D’Esta said part of the reason their marriage is successful is their shared faith.
“It can be a source of strength and blessing to the relationship,” D’Esta said. “I think that is why our marriage is strong. It has been a resource to us.”
Stuart said communication is important to a lasting relationship.
“I look upon D’Esta as my greatest friend; therefore, I enjoy being with her,” Stuart said.
In 2003, the National Vital Statistics Report reported that 3.8 people per 1000 got divorced and resulted in 291.4 million divorces. This statistic excludes California, Hawaii, Indiana, Louisiana and Oklahoma, states that don’t report. When divorce seems as common as a cold, it’s nice to know that lasting marriages, like that of the Loves, still exist.

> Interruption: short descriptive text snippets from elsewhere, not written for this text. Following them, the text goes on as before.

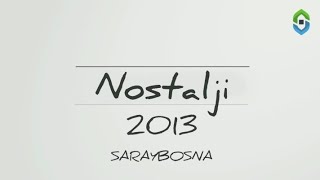 Semerşah Nostalji 2013 Saraybosna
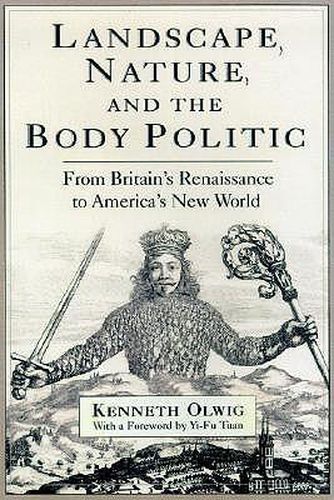 Cover image for Landscape, Nature and the Body Politic: From Britain's Renaissance to America's New World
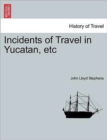 Image for Incidents of Travel in Yucatan, etc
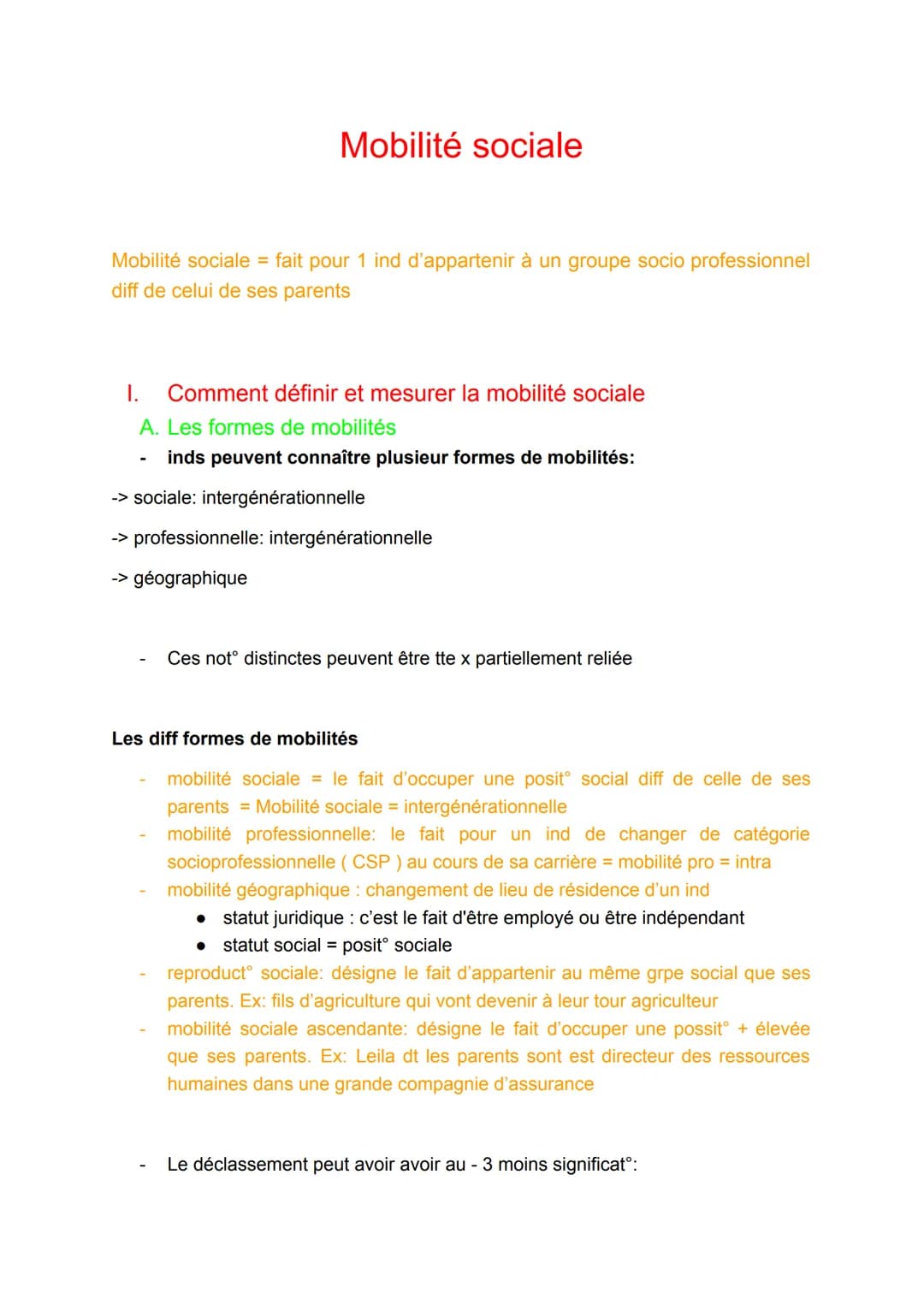 Mobilité sociale
Mobilité sociale = fait pour 1 ind d'appartenir à un groupe socio professionnel
diff de celui de ses parents
I. Comment déf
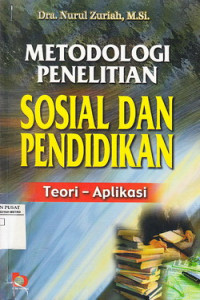 Metodologi Penelitian Sosial Dan Pendidikan Teori Aplikasi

They certainly aren’t the only couples to prove it — other Pepperdine faculty show that long lasting marriages are more than a fable.
Tammy and Gary Selby got more than just a six-week mission trip and tour of French-speaking Europe through Harding University — they also got a strong friendship, and eventually, spouses.
As of this summer, they will be married for 27 years. The couple has two sons and they say they couldn’t imagine their lives any other way. They, too, work together. Tammy is the director of Disability Services, and Gary is a professor if communication.
“It’s great working at the same place,” Tammy said. “We’ve been really blessed. We are best friends.”
Tammy said some of her fondest memories in their marriage occurred when they traveled long distances by car, a frequent occurrence in their early years.
“We had fabulous car conversations,” Tammy said.
These conversations certainly have not ended.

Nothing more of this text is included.